The foregoing description of the Amendment does not purport to be complete and is qualified in its entirety by reference to the Amendment, a copy of which is attached as Exhibit 10.1 to this Current Report on Form 8-K and is incorporated into this Item 1.01 by reference.

Item 2.03. Creation of a Direct Financial Obligation or an Obligation under an Off-Balance Sheet Arrangement of a Registrant.

The discussion of the Amendment to the Line in Item 1.01 of this Current Report on Form 8-K is incorporated into this Item 2.03 by reference.

The statements contained in this Current Report on Form 8-K that are not purely historical are forward-looking statements within the meaning of Section 27A of the Securities Act of 1933 and Section 31E of the Securities Exchange Act of 1934, including statements regarding the Company’s expectations, hopes, beliefs, intentions, or strategies regarding the future. Forward-looking statements include statements regarding, among other things, the future intentions of the Board of Directors of the Company regarding possible strategic financial initiatives and the Company’s intentions regarding its line of credit facility. Investors are cautioned that any such forward-looking statements are not guarantees of future performance and involve risks and uncertainties, and that actual results may differ materially from those projected in the forward-looking statements as a result of various factors. All forward-looking statements included in this document are based on information available to the Company on the date hereof and the Company assumes no obligation to update any such forward-looking statement. Prospective investors should also consult the risks described from time to time in the Company’s Reports on Forms 8-K, 10-Q and 10-K and Annual Reports to Shareholders.
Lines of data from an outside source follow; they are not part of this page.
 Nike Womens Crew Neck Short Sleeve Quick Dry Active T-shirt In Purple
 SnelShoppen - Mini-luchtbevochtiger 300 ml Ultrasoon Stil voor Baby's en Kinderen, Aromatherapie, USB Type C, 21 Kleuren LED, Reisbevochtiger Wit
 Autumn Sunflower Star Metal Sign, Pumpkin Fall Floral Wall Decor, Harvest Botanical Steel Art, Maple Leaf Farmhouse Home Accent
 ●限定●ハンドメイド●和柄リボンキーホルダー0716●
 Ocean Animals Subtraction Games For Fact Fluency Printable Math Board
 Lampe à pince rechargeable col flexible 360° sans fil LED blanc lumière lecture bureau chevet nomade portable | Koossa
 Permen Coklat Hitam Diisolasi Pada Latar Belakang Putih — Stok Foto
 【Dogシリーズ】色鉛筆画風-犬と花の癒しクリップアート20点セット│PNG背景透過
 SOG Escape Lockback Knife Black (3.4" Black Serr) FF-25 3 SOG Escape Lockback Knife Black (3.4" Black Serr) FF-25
Item 9.01 Financial Statements and Exhibits

 

(d) Exhibits

 

Exhibit
No.

  

Description

10.1    Amendment No. 3, dated November 14, 2014, to Second Amended and Restated Loan and Security Agreement, dated as of January 12, 2010, as amended, by and among Nicholas Financial, Inc., a Florida corporation, Bank of America, N.A., as agent, and each of the Lenders party thereto.

 

2


SIGNATURES

Pursuant to the requirements of the Securities Exchange Act of 1934, the Registrant has duly caused this Current Report on Form 8-K to be signed on its behalf by the undersigned, hereunto duly authorized.

 

 

   

NICHOLAS FINANCIAL, INC.

                  (Registrant)

Date: November 18, 2014      

/s/ Ralph T. Finkenbrink

      Ralph T. Finkenbrink
      Chairman, President and Chief Executive Officer
      (Principal Executive Officer)
Date: November 18, 2014      

/s/ Katie L. MacGillivary

      Katie L. MacGillivary
      Vice President and Chief Financial Officer
      (Principal Financial Officer and Accounting Officer)

 

3


Exhibit Index

 

Exhibit

  

Description

10.1    Amendment No. 3, dated November 14, 2014, to Second Amended and Restated Loan and Security Agreement, dated as of January 12, 2010, as amended, by and among Nicholas Financial, Inc., a Florida corporation, Bank of America, N.A., as agent, and each of the Lenders party thereto.